Le saviez-vous ? Les mobilités douces et le vivre-ensemble ne lui suffisant pas, la mairie de Paris ambitionne aussi de devenir un modèle pour la transparence comptable. A preuve, il y a quelques années, elle s’est volontairement lancée dans une «démarche de préparation à la certification de ses comptes», action indispensable aux yeux d’Anne Hidalgo pour instaurer une vraie démocratie citoyenne. Il s’agit, précise la municipalité, de pouvoir faire attester que ses présentations chiffrées sont “régulières et sincères” et offrent une «information irréprochable sur l’utilisation de l’argent public». Bravo! «Nous avons conscience que la route sera longue», a cependant tenu à tempérer l’adjoint aux finances Julien Bargeton (il a démissionné depuis) lors du lancement de l’opération, en novembre 2016.

Des documents administratifs non communiqués

Au moins ne pourra-t-on pas reprocher aux édiles parisiens de manquer d’humour. Parce qu’en matière de comptabilité leur principal objectif a toujours été – et continue d’être, nous allons le voir – de masquer aux citoyens la situation des finances de la capitale. Et d’une certaine façon, on les comprend, car exposer la vérité toute crue nuirait gravement à l’avenir électoral de madame la maire. Lors de sa campagne, début 2014, Anne Hidalgo avait promis tout à la fois aux électeurs de contenir les budgets, de maîtriser l’endettement et de ne pas augmenter les impôts d’un centime. Quatre ans de trous dans la chaussée et de folles dépenses plus tard (la masse salariale de la ville s’est envolée de 17%, trois fois plus vite que l’inflation), il faut bien reconnaître que le résultat n’est pas tout à fait à la hauteur.

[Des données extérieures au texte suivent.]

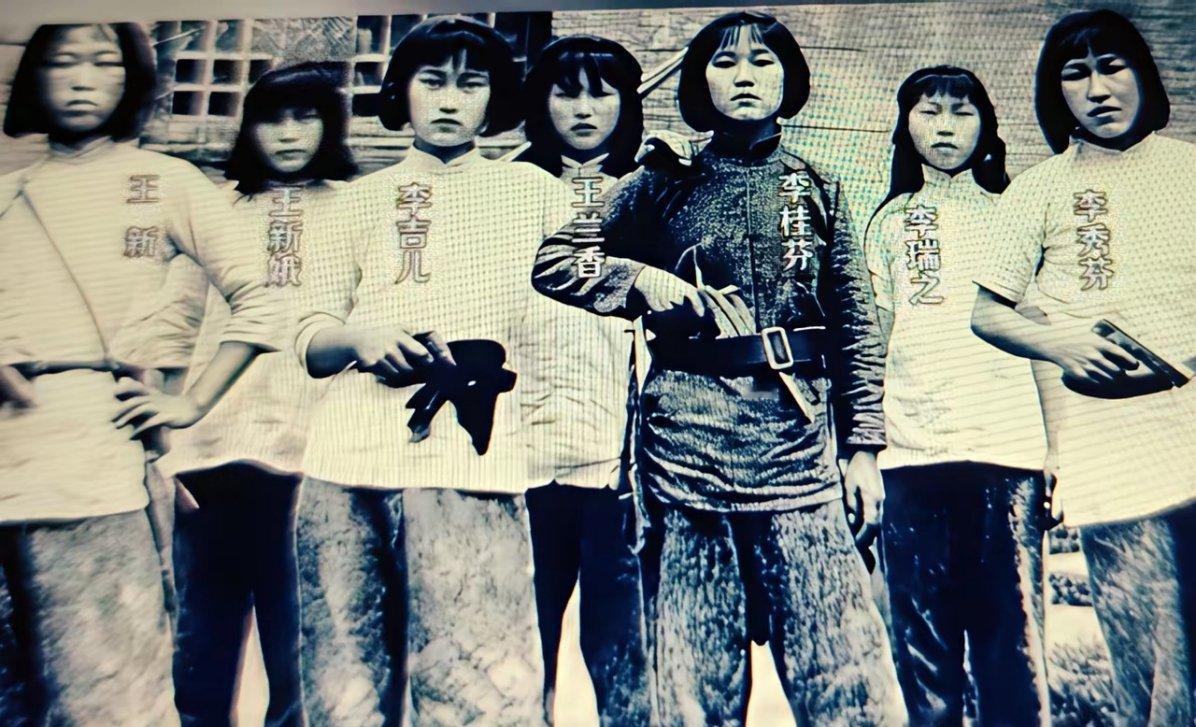 1945年。河北保定冉庄。英姿飒爽的冉庄女民兵班为保护老乡撤退，全部牺牲。铭记历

Pour essayer de cacher la misère, la mairie commence par «oublier» de mettre en ligne sur son site les documents administratifs compromettants. De nombreuses délibérations du conseil municipal concernant les dépenses ou l’endettement, par exemple, n’y figurent pas, au mépris des règles administratives les plus élémentaires. Et il est impossible d’y dénicher les «budgets supplémentaires», documents essentiels que la loi NOTRe fait obligation aux communes de mettre à la disposition de leurs administrés. «Nous ne les publions pas», reconnaît-on aux services financiers, sans aucun trouble. Il est vrai que, si d’aventure la ville de Paris était condamnée à une amende pour ce déni de droit, ce serait les contribuables qui la paieraient.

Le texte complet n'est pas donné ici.